---------- DATA SEGMENT

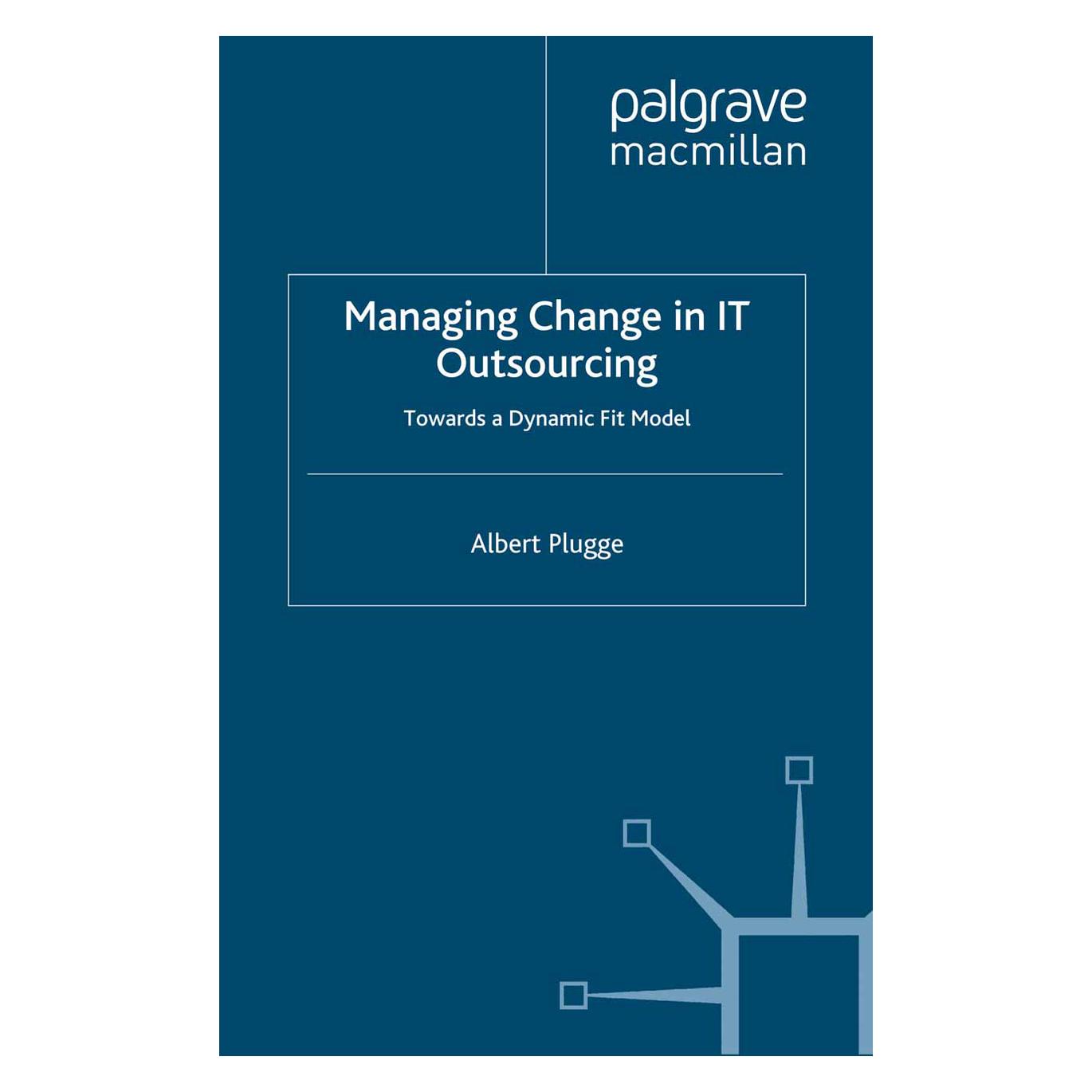 Springer Managing Change in IT Outsourcing (Englisch, Softcover, Albert Plugge) (55806053)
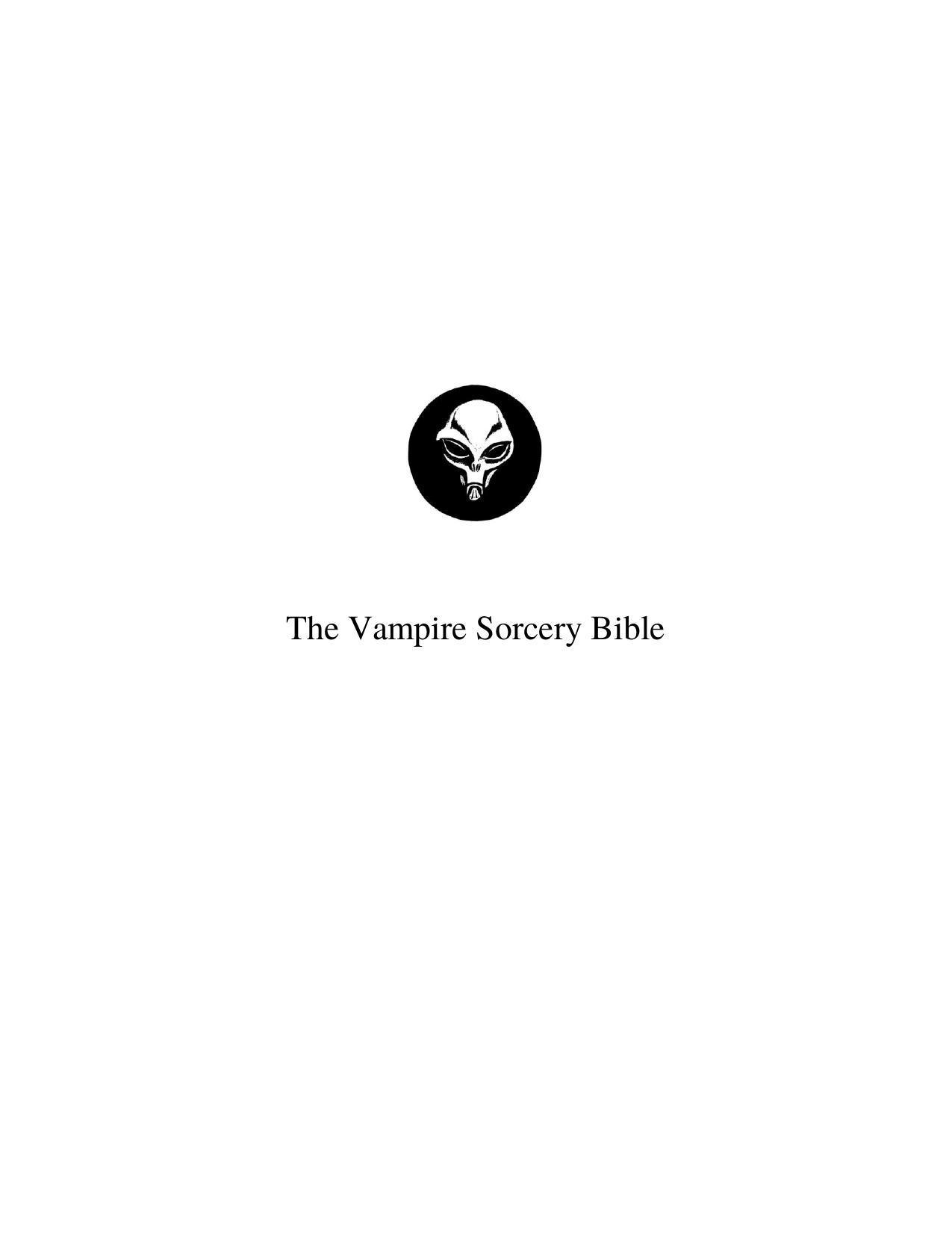 The Vampire Sorcery Bible by Nikolaos Stergiannis (PhD Researcher)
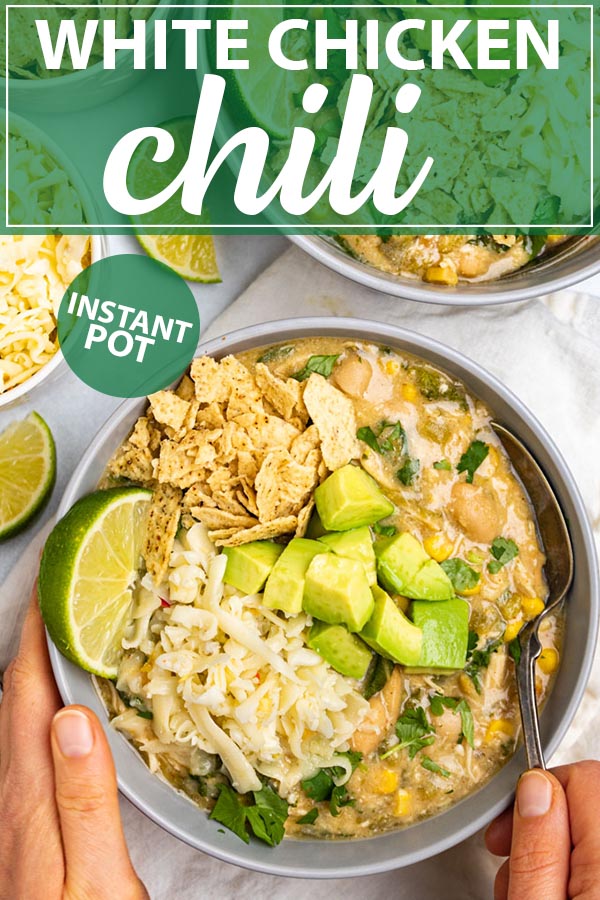 Instant Pot White Chicken Chili (Healthy) - Robust Recipes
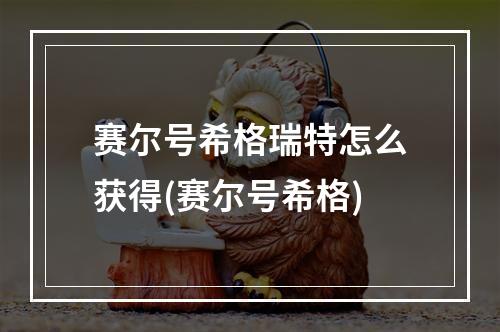 赛尔号希格瑞特怎么获得(赛尔号希格)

--------------------

__WORK TO COMPLETE__: Print exactly, and only, the lines from the line containing "Instant Pot White" to the last line of the material above, with every picture left out.

__TASK ANSWER__:
 Instant Pot White Chicken Chili (Healthy) - Robust Recipes
 赛尔号希格瑞特怎么获得(赛尔号希格)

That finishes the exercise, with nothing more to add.